**Task item:** Please repeat the records exactly. The pictures are to be left out.

**Dataset:**
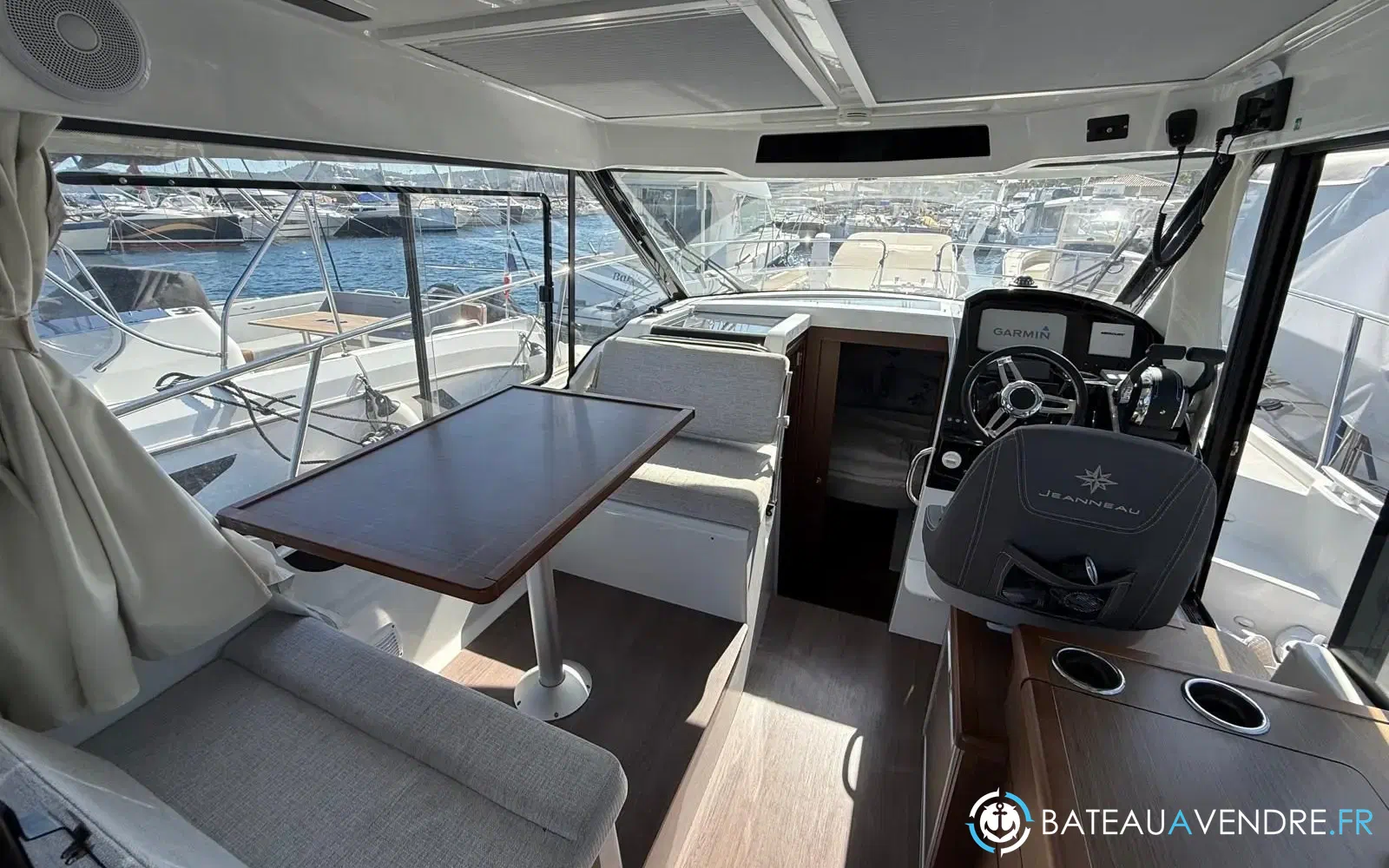 slider 10 Jeanneau Merry Fisher 895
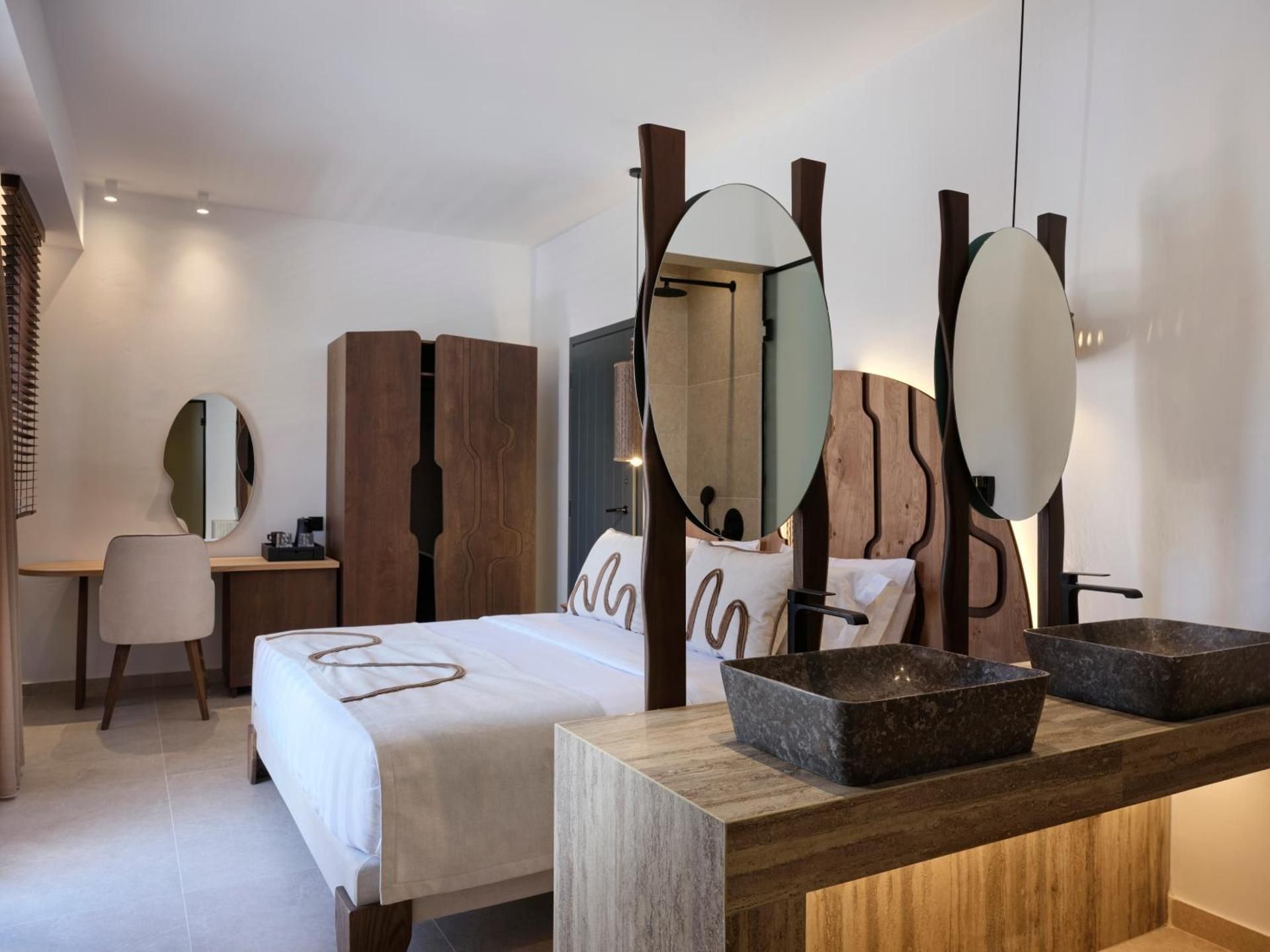 Executive Suite with Private Jacuzzi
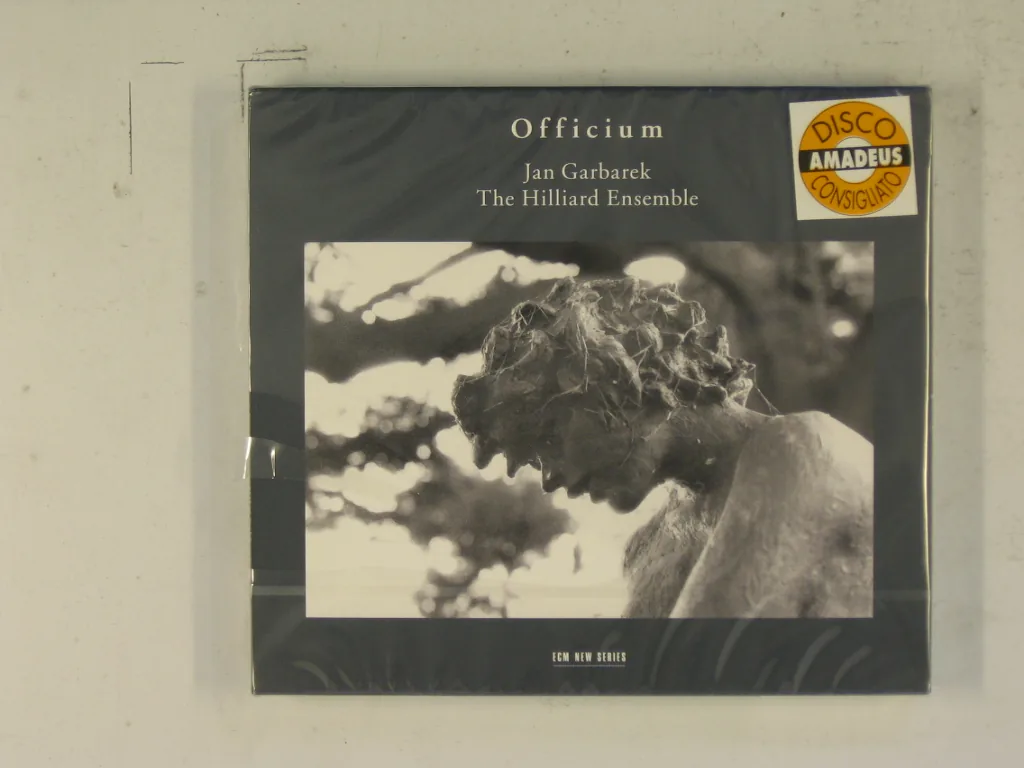 Copertina di Officium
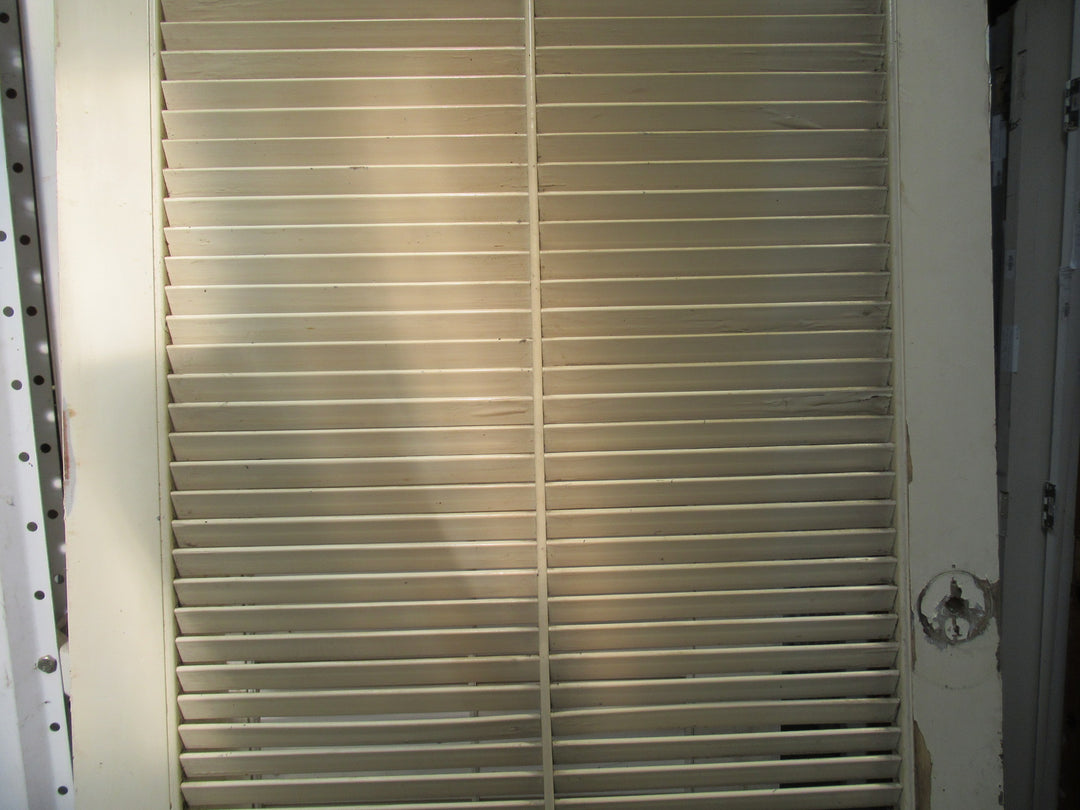 1 Panel Louvre Painted Door 2000H x 810W x 30D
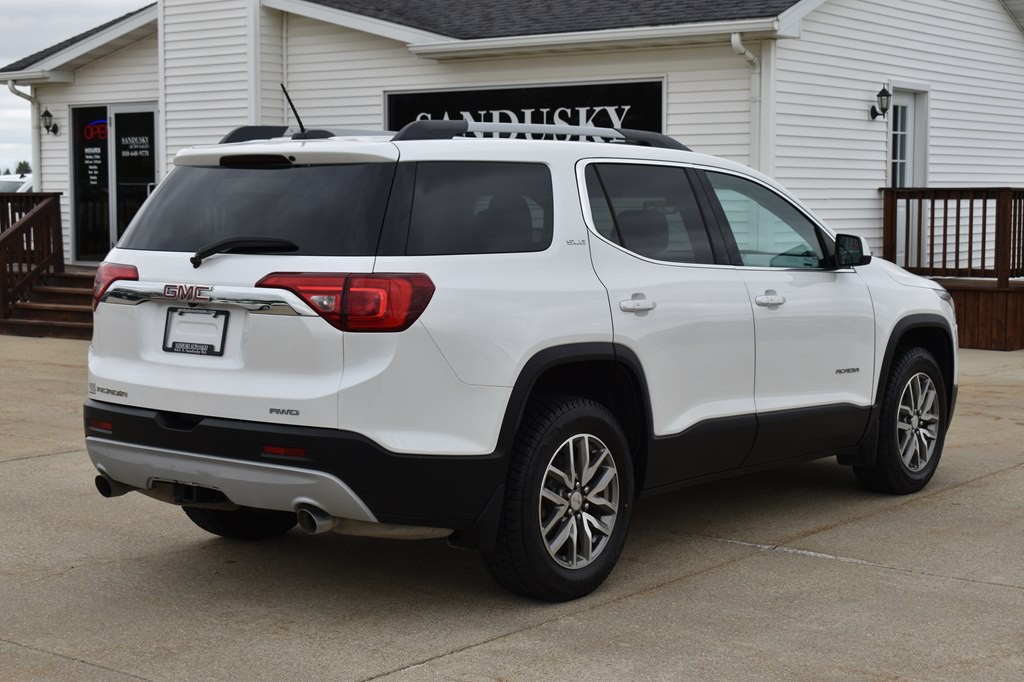 2019 GMC Acadia Image 3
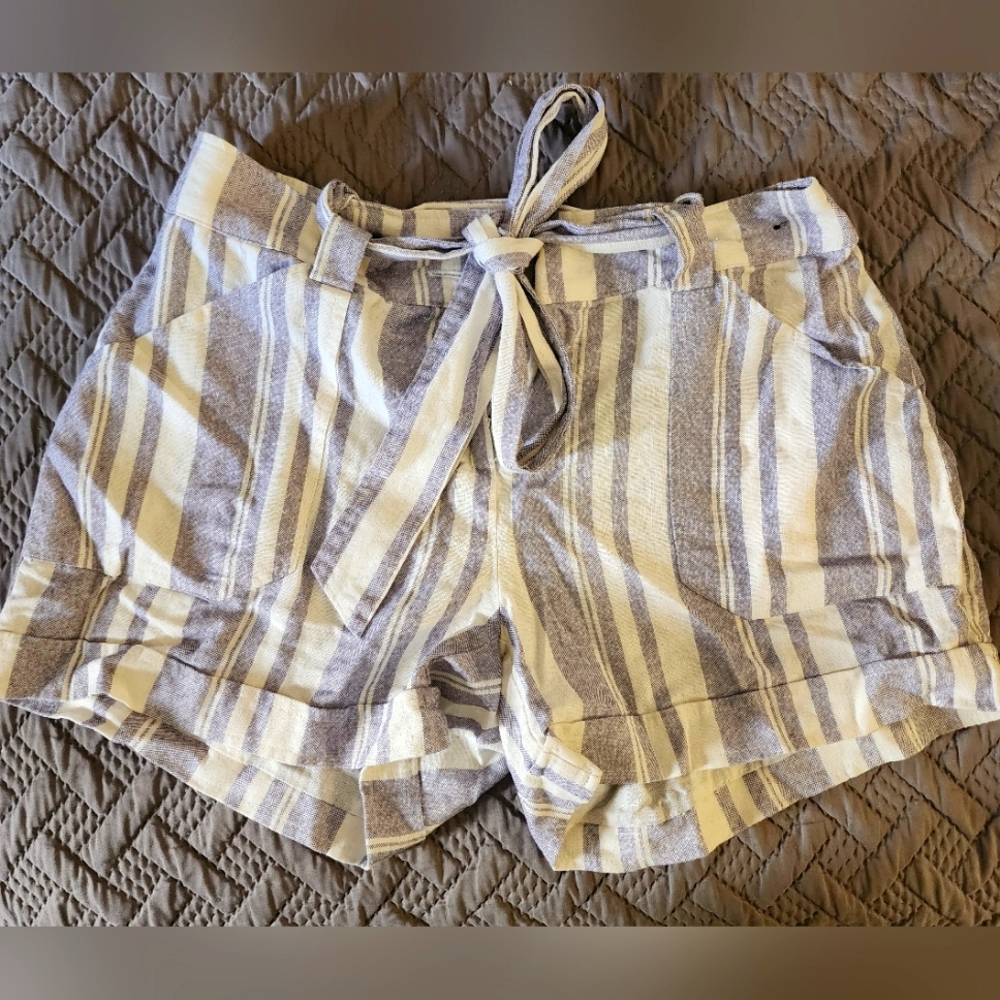 New York & Company Linen Shorts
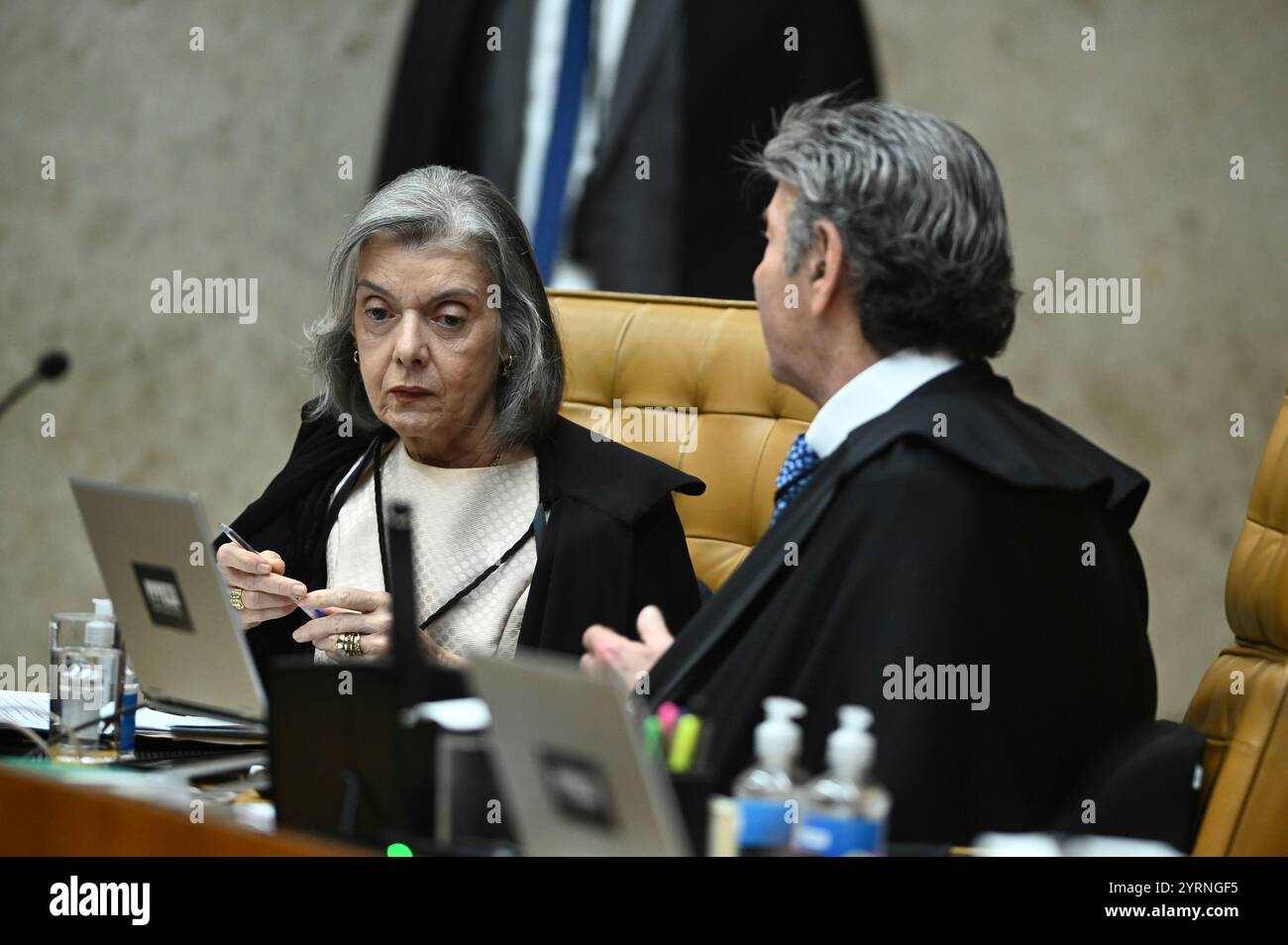 Brasília, DF - 04.12.2024: STF VOLTA A DISCUTIR PLATAFORMAS DIGITAIS - diesen Mittwoch (4) während einer Plenarsitzung nehmen die Minister des Bundesgerichtshofs (SFT) die Diskussion über die Verantwortung digitaler Plattformen für von Nutzern als kriminell eingestufte Inhalte wieder auf. (Foto: Ton Molina/Fotoarena) Stockfoto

**Exercise answer:**
 slider 10 Jeanneau Merry Fisher 895
 Executive Suite with Private Jacuzzi
 Copertina di Officium
 1 Panel Louvre Painted Door 2000H x 810W x 30D
 2019 GMC Acadia Image 3
 New York & Company Linen Shorts
 Brasília, DF - 04.12.2024: STF VOLTA A DISCUTIR PLATAFORMAS DIGITAIS - diesen Mittwoch (4) während einer Plenarsitzung nehmen die Minister des Bundesgerichtshofs (SFT) die Diskussion über die Verantwortung digitaler Plattformen für von Nutzern als kriminell eingestufte Inhalte wieder auf. (Foto: Ton Molina/Fotoarena) Stockfoto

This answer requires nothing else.